There are three parts to this post. Everyone should read the first two sections, especially the second section. Haskellers should also be sure to read the third section.
If you don't yet know: I'm transgender. My sense of gender and self have never aligned with my physical appearance, and I’ve spent most of my life dealing with this fact. This is not an acquired condition nor a recent change; it is an intrinsic and life-long part of who I am. I began the process of transitioning half a year ago and, over the next six months or so, I will complete the transition to living as a woman full-time.

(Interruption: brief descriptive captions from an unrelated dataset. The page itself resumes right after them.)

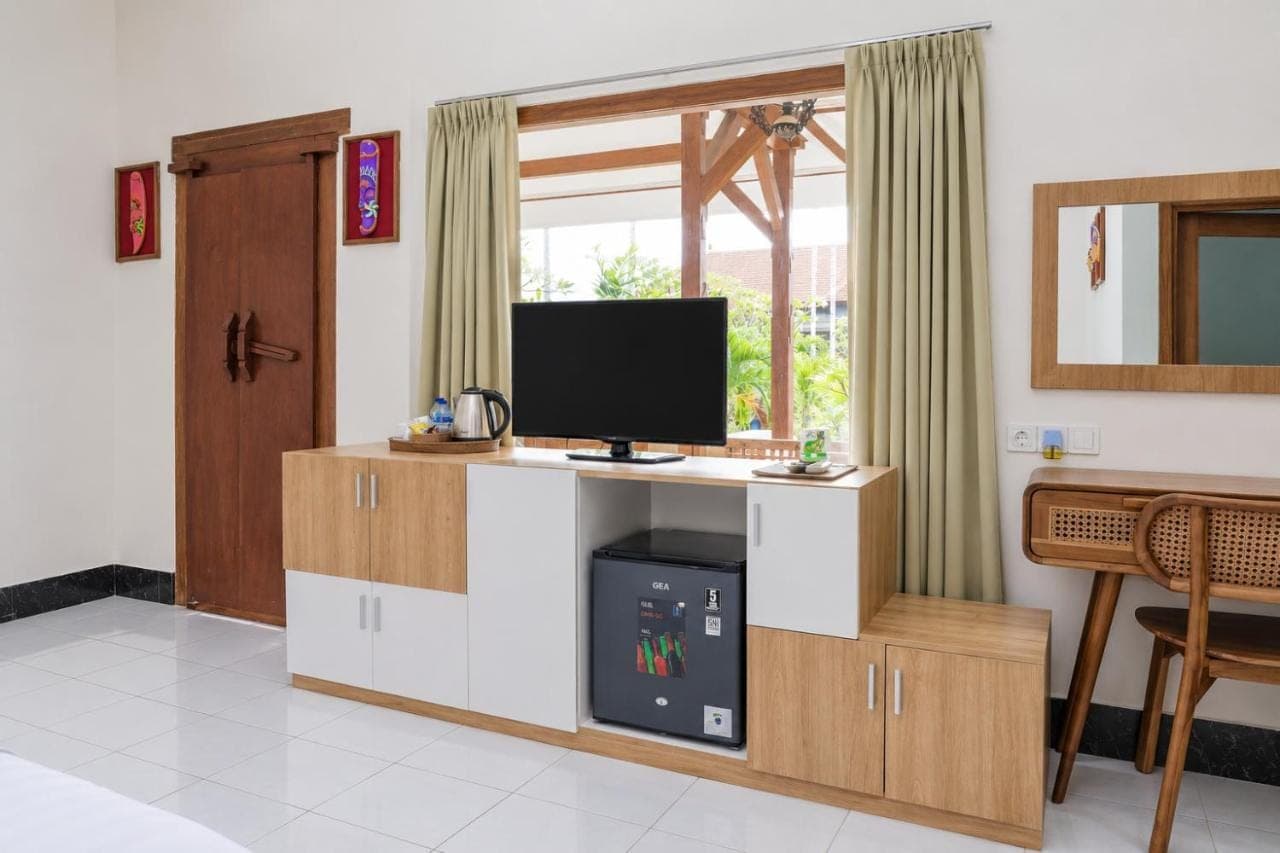 a living room with a desk with a tv on it at Swastika Bungalows in Sanur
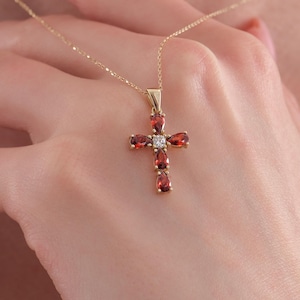 May include: A gold chain necklace featuring a cross pendant. The cross is composed of four pear-shaped red garnet gemstones arranged in a cross pattern, with a single small clear round gemstone set at the center where the arms intersect.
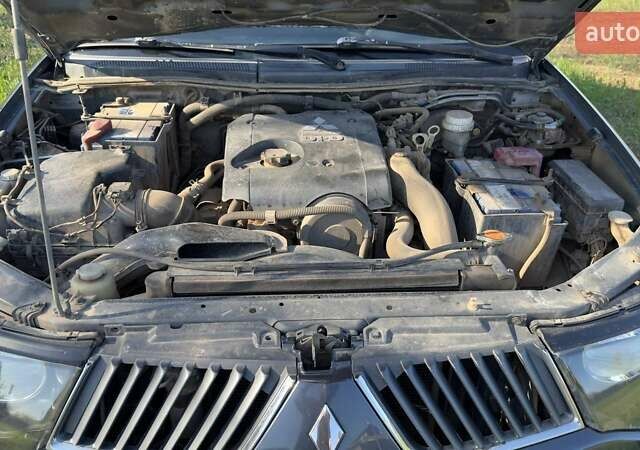 Серый Мицубиси Л 200, объемом двигателя 2.48 л и пробегом 234 тыс. км за 13000 $, фото 38 на Automoto.ua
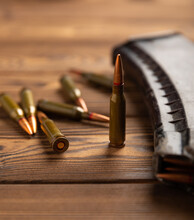 Bullets And Ammo Magazine With Kalashnikov Assault Rifle On Brown Wood. Composition With Place For Text. Cartridges For A Rifle And A Carbine On A Wooden Background. Military Concept.
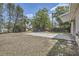 A shot of the backyard with a large area of grass and trees at 1602 Sheffield Rd, Leesburg, FL 34748
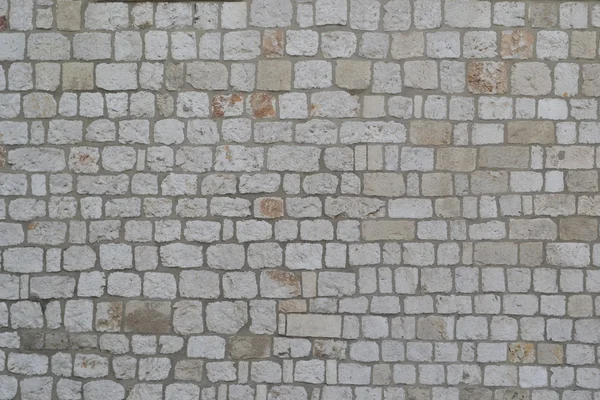 Gamla antika stenmuren bakgrund — Stockfoto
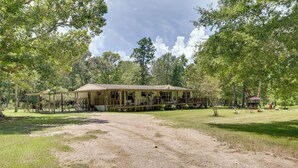 Un rustico chalet con veranda, circondato da alberi e un prato.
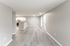 Bright open-concept living area with sleek laminate flooring and modern kitchen featuring stainless steel appliances.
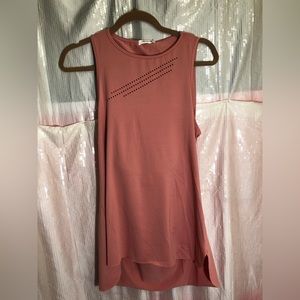 Shirt by Blooming Jelly size small abs the color is light pink.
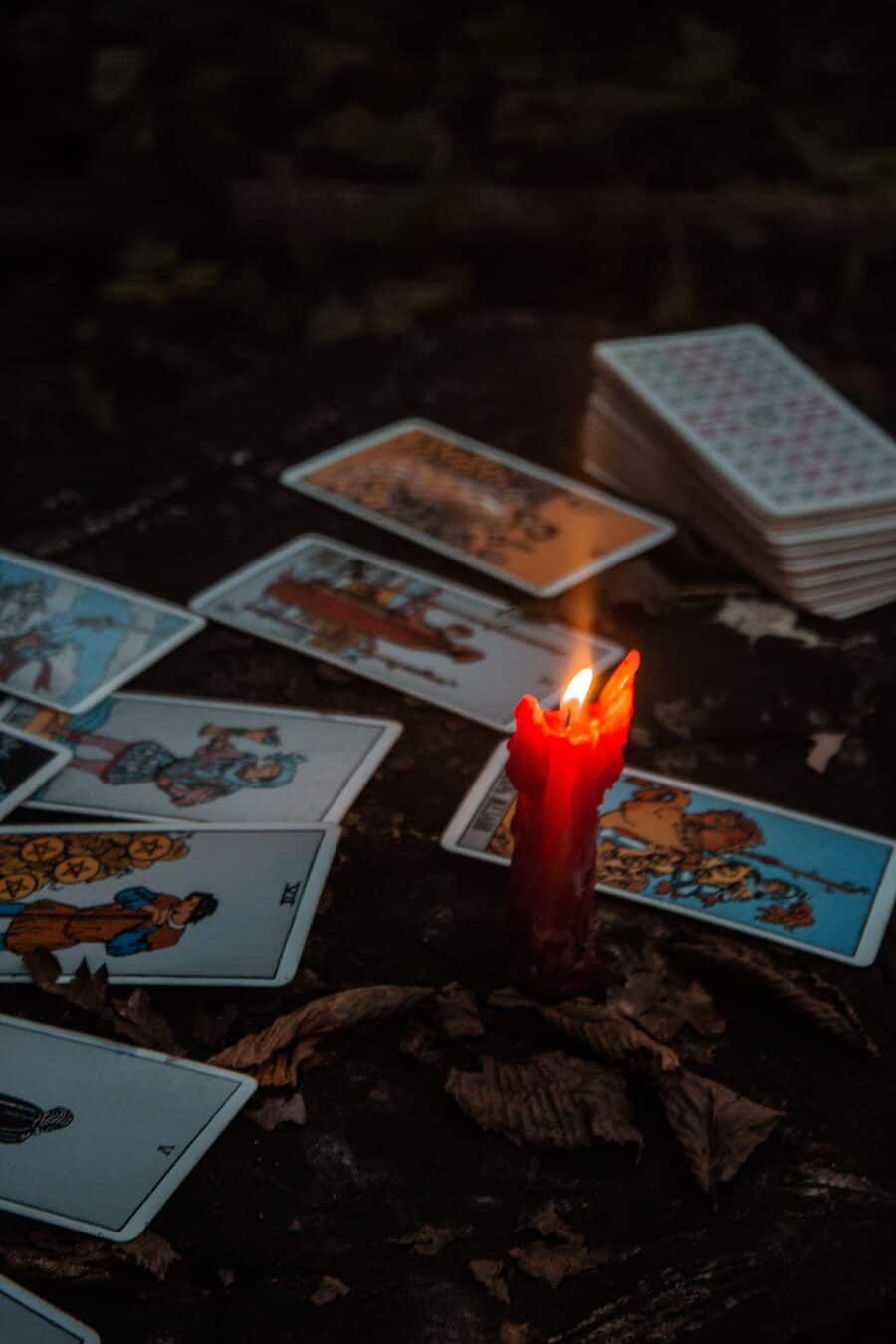 Tarot cards laid out by candlelight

Many of my followers are already familiar with transgender issues, but since this is a public announcement I assume many of you are not. There are numerous resources online for learning more, but I find the PFLAG pamphlet to be a particularly good place to start. If you still have any questions after reading that, I can provide additional resources and am willing to answer questions.
How to respond
This is going to depend on how you know me.
- If we interact predominantly online
- This includes everyone in the Haskell community (both online and academically), as well as everyone from Reddit, Twitter, etc. Henceforth, please use feminine pronouns (she/her/hers) exclusively when referring to me. I understand this will take some getting used to, but it will soon become second nature.
- If we interact predominantly in person
- I'd prefer you use feminine pronouns (she/her/hers) when referring to me, especially when online and when mentioning me anonymously. But, for the time being, masculine pronouns (he/him/his) are still acceptable. Sometime in the spring I will send another announcement around letting you know when "T-day" is. After that date, I will be presenting as female full-time and will no longer tolerate masculine pronouns.
PSA for Haskellers
I shouldn't have to say this, but since there were some complaints about the "homosexual propaganda" in my recent posts, may I remind my readers of The Planet Haskell policies regarding political and religious content. I rarely post political content, but am well within the guidelines in doing so. The stated mission of Planet Haskell is to "show what is happening in the community, what people are thinking about or doing". I am an active and well-known member of the Haskell community, and the violence endured by trans people is something I've been thinking a lot about lately. When Chung-chieh Shan gave the 2013 Haskell Symposium program chair report, he made a specific point of highlighting the effects of sexism, racism, homophobia, and transphobia in driving people out of the Haskell community. Therefore, I think it is fair to say that these issues are pertinent, above and beyond my personal involvement with them.
That said, I do not intend to discuss trans issues at length on this blog. Nevertheless, on occasion, these issues will come up because I refuse to live in silence and shame for who I am.